Türkiye’nin harekata hazırlandığı Fırat’ın doğusunda, IŞİD militanları ve ailelerinin tutulduğu kamp ve cezaevleri Kürtlerin kontrolünde bulunuyor. Olası bir harekatın firarlara zemin hazırlama ihtimali endişe yaratıyor.
Türkiye Suriye’nin kuzeydoğusunda askeri operasyona hazırlanırken, ABD’nin IŞİD’e karşı savaştaki baş müttefiki konumundaki Suriyeli Kürtlerin durumu ve Kürtlerin elindeki tutuklu IŞİD mensuplarına ne olacağı, Batı kamuoyunu meşgul eden temel konulardan biri.
Ürdün’de yayımlanan Rai al Youm gazetesinin genel yayın yönetmeni Abdulbari Atwan, Türkiye’nin planlarını hayata geçirmesi önünde önemli dört risk bulunduğu görüşünde. Suriyeli Kürtlerin Amerika Birleşik Devletleri (ABD) tarafından donatılıp en iyi şekilde eğitilmiş savaşçılara sahip olduğuna dikkat çeken Atwan, ayrıca Türkiye’deki mültecilerin bölgede iskan edilmesinin ardından, hem bu insanların ihtiyaçları için yapılacak harcamalar, hem de güvenli bölgede kontrolü sağlamak için gerekli olan giderlerle ortaya çıkacak mali baskının büyük olacağının altını çizdi.

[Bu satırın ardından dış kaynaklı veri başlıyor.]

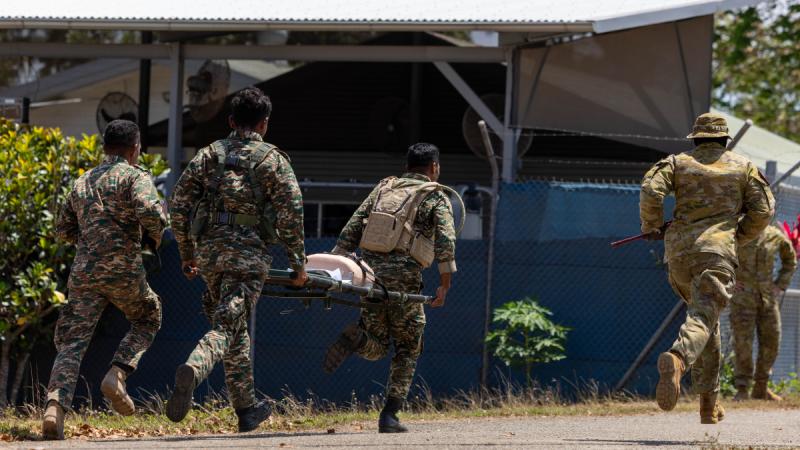 Soldiers running. Two are bearing a stretcher.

Üçüncü risk olarak çatışmalara bir yerden sonra Suriye ordusunun dahil olması olasılığını gösteren Atwan, son olarak Türkiye’nin, Kürtlerin hakim olduğu bölgedeki tutsak kamplarında bulunan binlerce IŞİD savaşçısının sorumluluğunu da üstlenmek zorunda kalacağını belirtiyor ve “Bu, mekanizması işlemeye başlayan bir saatli bomba” benzetmesi yapıyor.
Cihatçıların Irak’a geçme riski
Türkiye’nin bölgeye girmesi durumunda Kürtlerin elindeki IŞİD’lilerin kaçma olasılığı Alman dış politikasının da kafa yorduğu konulardan biri. Koalisyon iktidarının büyük ortağı Hristiyan Demokrat Birlik’ten (CDU) Federal Parlamento Dış İlişkiler Komisyonu üyesi Roderich Kiesewetter, “En büyük tehlikelerden biri, bu tutukluların Irak’a geçmesi” diyor.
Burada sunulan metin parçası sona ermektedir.